Saturday, December 18, 2010

To Companies That Trust, To Companies That Care--Scottevest!

I rarely if ever return anything, thinking that I can either find some use for it or donate it. I also rarely buy anything that doesn't work or that has anything wrong with it. This year I bought two nice things ($65-$100) that were defective. The way the companies each handled it were so different.

The first thing that I bought was from Scottevest. It was two of their travel vests for $200 total. We took these to Brazil with us to carry our valuables on our person because of the high crime in Brazil. They were great! Mine was fine, but LoveHubbie's ripped out the ID pocket on the first day. I "knew" that everything would be okay because I trusted Scottevest, a company I found out about from word of mouth (from Patti Digh). I follow the founder of Scottevest's--Scott Jordan--YouTube videos and know that he cares about his company. No worries.

As soon as I arrived home from Brazil, I called Scottevest. I got a cheerful customer service person immediately who told me she'd send a new one out right away, along with an envelope for the defective vest so that I could send it back. No worries. Easy-peasy. A couple of days later, the new vest was here, the old dirty one went out (so that they could see how it failed). They trusted me, and now they have a customer for life. For life.

I will gladly pay for a product that is backed up and handled this way.

I never told Scottevest how happy I was with them. So this is to remedy my oversight. I am thrilled with you, Scottevest, and with how you stand behind your excellent products. I will buy from you for the rest of my life, and recommend you to everyone I know!

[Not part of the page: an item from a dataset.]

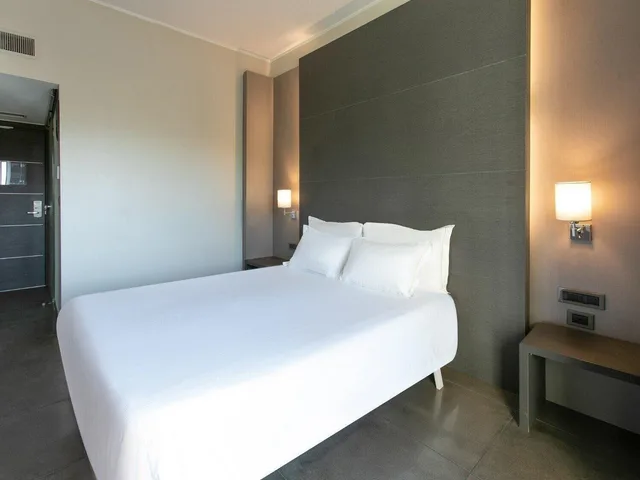 Standard, Double Bed, Sea View, B&B Hotel Savona 3/4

Then I had a customer service nightmare. I bought a hyped-up product from a company that is US-owned, higher priced, and touted in professional videos and with claims of artisan-level workmanship. The owner is a young entrepreneur who uses social media to distribute their products. His company is very successful--like Scottevest. Trendy. Very well-respected. It is a very, very cool product also endorsed by celebrities, but intellectual, socially-aware celebrities. I ordered their product for $65 to go with a Christmas present I was taking on an upcoming trip. The product was defective, grossly so. It was like something made overseas, of inferior workmanship right out of the box. No worries, I thought.

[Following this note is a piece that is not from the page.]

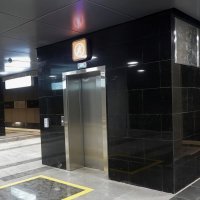 Лифт для маломобильных пассажиров на ст. метро Новаторская.. :: Татьяна Помогалова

First bad sign: no phone number to call. This is a bad sign, people. Email only. I looked everywhere. Searched the web. Nothing. So I emailed them. A really long email describing the problem in great detail. After a bit they responded, writing me that I needed to send pictures to back up what I had written. They didn't seem to have read the email, or else were ignoring key parts of it. It seemed to be a template response. They needed pictures, although the problem didn't lend itself well to that.

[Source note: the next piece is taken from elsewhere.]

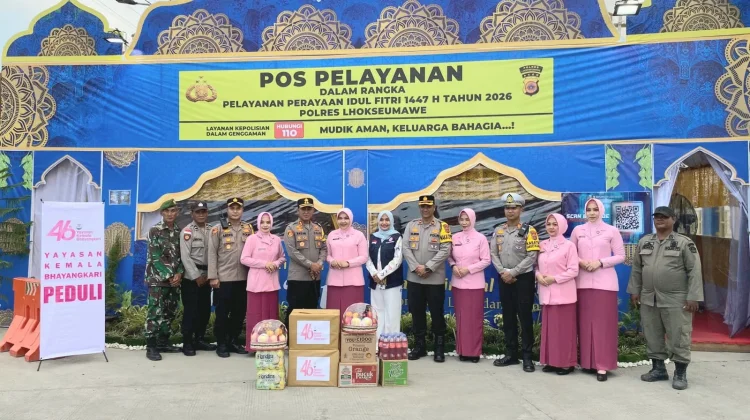 Yayasan Kemala Bhayangkari Peduli, Berikan Bingkisan untuk Petugas Pos Pelayanan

I didn't have a camera available at the time, so I made a video. After a while, when there was no response, I made the YouTube video public. After several days I emailed them again, since it was getting closer to the trip. They said that they would refer the whole issue to what sounded like a committee who would evaluate it to decide if I should get a replacement, and if so, what I should pay. I send back an angry (but nice) email telling them that I was tired of jumping through hoops and that they should stand behind their product; they had my money and I had no usable product.

This email was not answered. I tried again. And again. Eventually the customer service person emailed me and said that a replacement was being sent out. But she ignored the other emails I'd sent. At least I'm getting a replacement, I thought. I waited for ten days. I emailed again. No response.

I then became more aggressive and tweeted about my "customer service nightmare". I was fortunate in that the company owner is also their main twitterer. In our correspondence,  he first blamed UPS. I asked him to read the ticket trail of many, many interactions so that he could see what had transpired. He told me he wanted to call me.

We talked, and he was concerned that I was a "disgruntled customer", but he was also full of excuses as to why I still didn't have a working product. He blamed the holiday season, my high expectations in ordering the first such product they'd made in "pink", communication problems, their company growth, etc. He ended up sending me a working product overnight in the pink color I'd ordered. I was satisfied, but the problem was that I'd worked way, way harder than he did in earning my product satisfaction.

I will never buy from this company again, and I will encourage everyone I know not to.

I wanted to encourage everyone to value those companies who are truly outstanding and who make a difference in our lives. Not every company is like that. Today, thank a company that delivers what they say they will...we all need to appreciate those companies who work hard to be excellent...and to care about their customers.

Is there a company that has made a difference in your life?

7 comments:

Seeking Simplicity said...

Hey Olivia... saw your video about the defective product. You clearly show what is wrong, you're very positive on what your expectations are in receiving a new one that doesn't bunch up and I'm not sure why they aren't responding.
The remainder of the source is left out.